Circular Dichroism (CD) measurements

As the protein contains a potential Ca2+-binding domain, Ca2+-binding will change its conformation of secondary structure which can be detected by CD [34], [35], [36]. CD measurements were carried out on a J-810 Circular Dichroism Spectrometer (Jasco, Japan) with the Jasco Spectra Manager software at room temperature. Three samples were assayed: purified rCsseverin in PBS, purified rCsseverin in PBS containing 1 µM CaCl2, and purified rCsseverin in PBS containing 1 µM EDTA to remove combined Ca2+ during expression of rCsseverin in bacteria and purification in solutions. Secondary structure was analyzed using Jasco Spectra Manager Secondary Structure Analysis program. Far-UV CD spectrum was acquired using a 0.2 mm path length cell at 0.2 nm intervals over the wavelength range from 190 to 250 nm. Three scaning values were averaged for each sample and were corrected by subtracting buffer contribution from parallel spectra in the absence of Csseverin. The concentration of Csseverin was kept at 1 µM in 10 mM sodium phosphate buffer pH 7.4 and then the CD data were converted to molar units.
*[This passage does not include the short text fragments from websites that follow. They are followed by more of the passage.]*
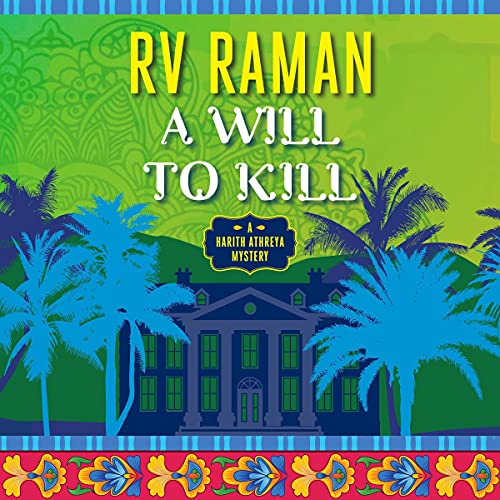 Cover of A Will to Kill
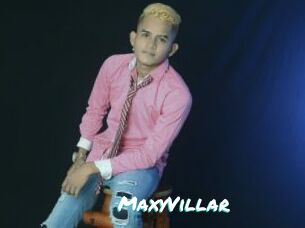 MaxyVillar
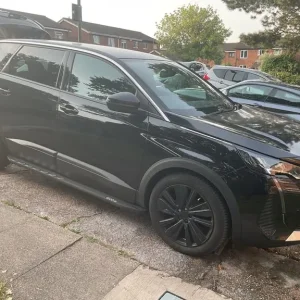 Peugeot 5008 Hatchback 2022 Manual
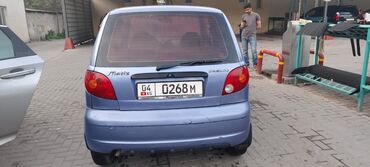 Daewoo: Daewoo Matiz: 2008 г., 0.8 л, Механика, Бензин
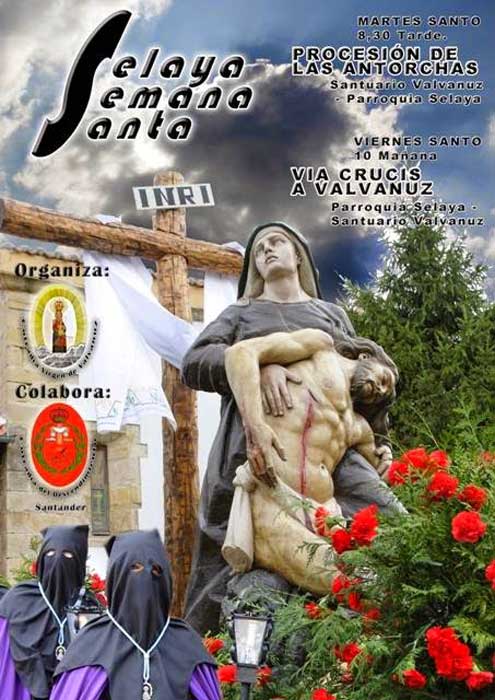 Semana Santa en Selaya 2015 Selaya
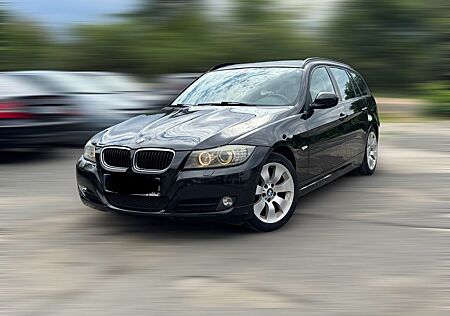 BMW 318d *Automatik*Xenon*Panorama*Sitzheizung*PDC*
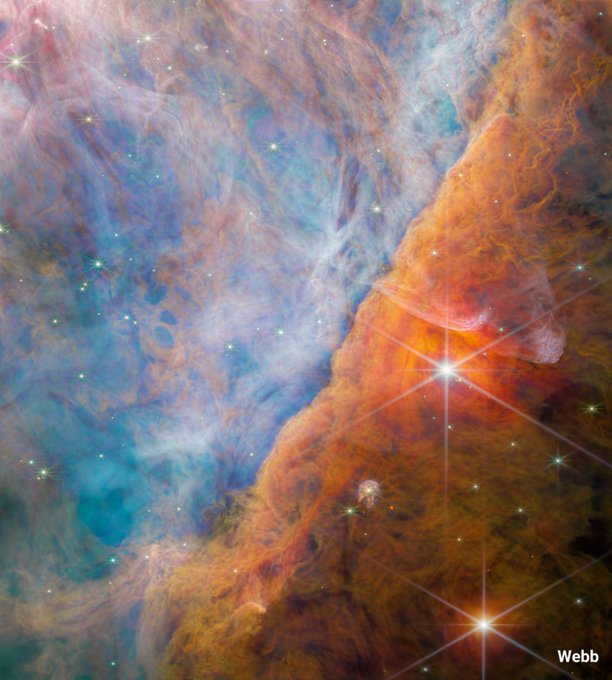 24 Incredible Deep Space Photographs Taken By the James Webb Telescope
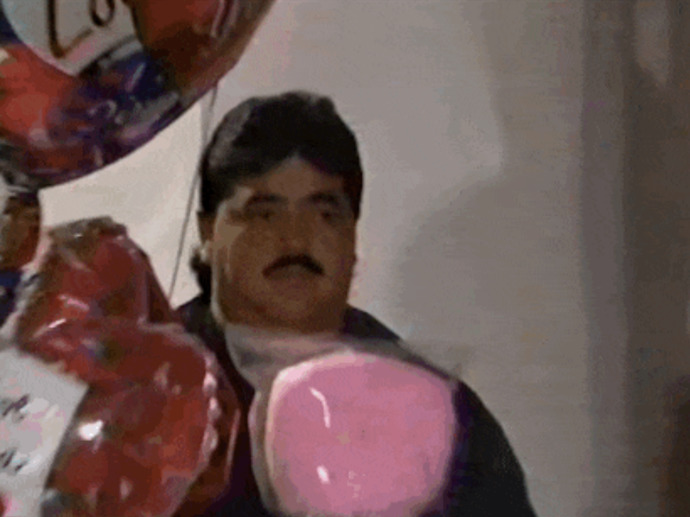 Are you personally into romance?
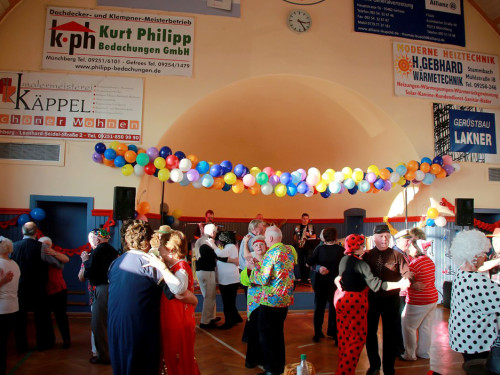 Fasching VDK Kreisverband Hof mit Soul-City-Dancers 28.1.2017 – Foto 34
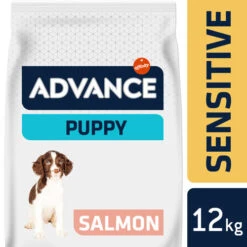 Affinity Advance Puppy Sensitive Lachs & Reis -Trixie Store affinity advance puppy sensitive zalm en rijst 177874 0500 none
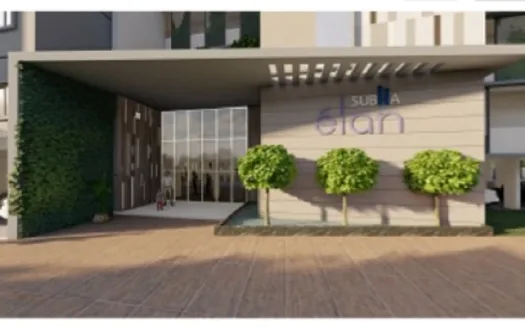 Subha Elan – 2 and 3 BHK Apartment in Bangalore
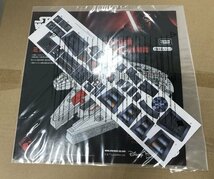 Wc961★タカラトミー スター・ウォーズ フォースの覚醒 ミレニアム・ファルコン 中古★_画像9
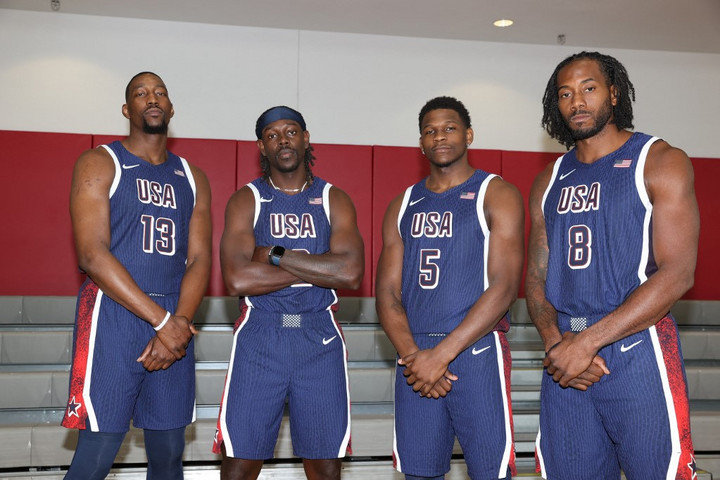 Fotó: Getty Images via AFP/NBAE/Stephen Gosling Kosárlabda: Leonard már nem tagja az amerikai kosárlabda-válogatottnak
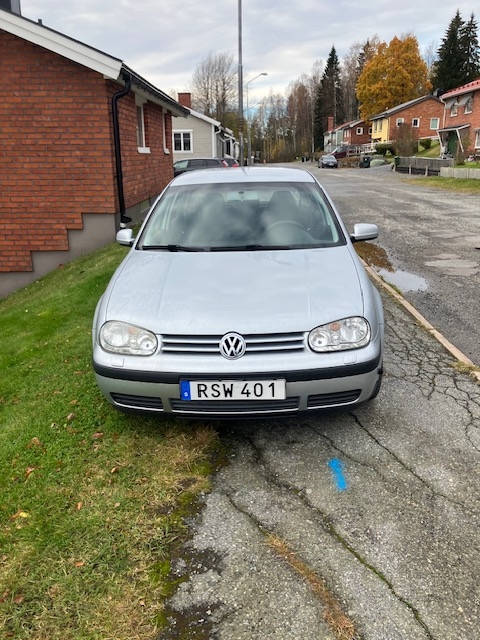 Volkswagen Golf 1.6 2001, bild 5/6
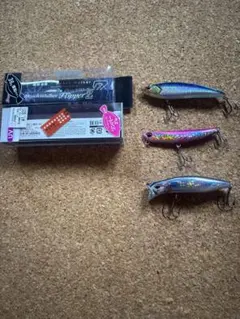 DUO Flipper Z 36g DUO Linber 95sのサムネイル
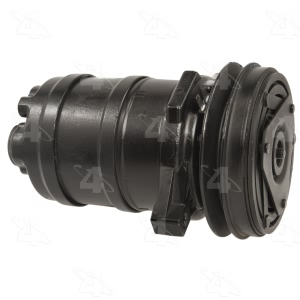 Four Seasons Remanufactured A C Compressor With Clutch for 1985 Cadillac Cimarron - 57669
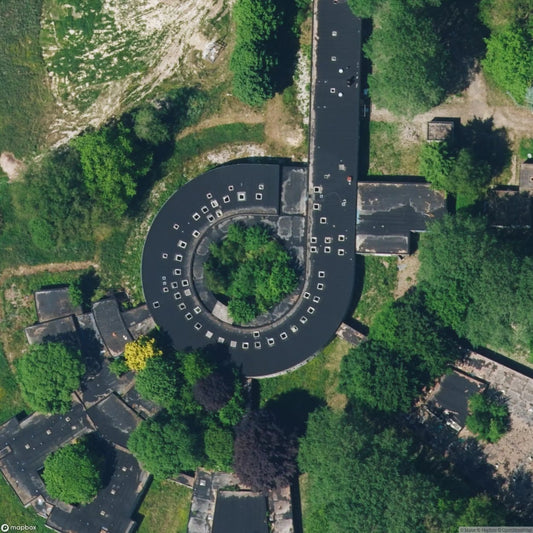 Fabrik Witte Zand [NLD] - The Urbex Factory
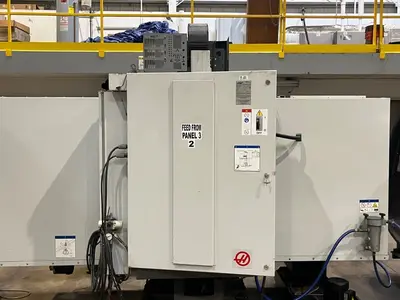 USED 2020 HAAS TM-2P
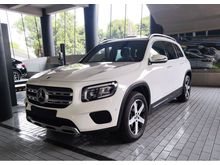 2020 Mercedes-Benz GLB200 1.3 Progressive Line Wagon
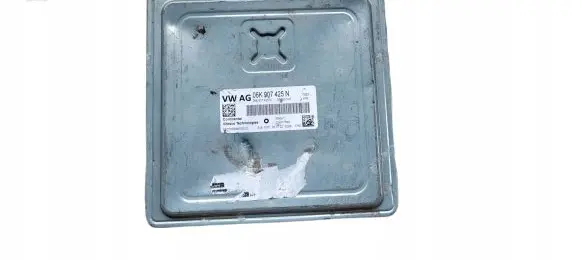 Mercedes-Benz S W223 Fuel injection control unit/module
Actin binding activity of rCsseverin

Gel overlay assay and immunocytochemistry were employed to investigate the actin binding activity of rCsseverin. F-actin (from rabbit muscle, 99% similar to human F-actin, Sigma-Aldrich) and its fragments digested with 0.25% trypsin (Sigma-Aldrich, USA) at 37°C for 1 h, were separated on 12% SDS-PAGE and electrophoretically transferred onto PVDF membranes. Membranes then were blocked with TBS-T (25 mM Tris-HCl, pH 7.2, 50 mM NaCl, 0.5% Tween-20) containing 5% BSA overnight at 4°C and washed (3 times, for 15 min each) in TBS-T. Then, membranes were incubated with 0.1 mg/ml rCsseverin in TBS-T for 1 h at room temperature. After washing extensively, membranes were incubated with anti-Csseverin rat serum (1∶100 dilutions) in TBS-T for 1 h at room temperature. The membranes were incubated with 1∶2000 HRP-conjugated secondary antibodies against rat IgG in TBS-T for 1 h at room temperature after washing. Following extensive washing in TBS-T, the membranes were at last incubated with diaminobenzidine substrate solution to develop color after washing again [37].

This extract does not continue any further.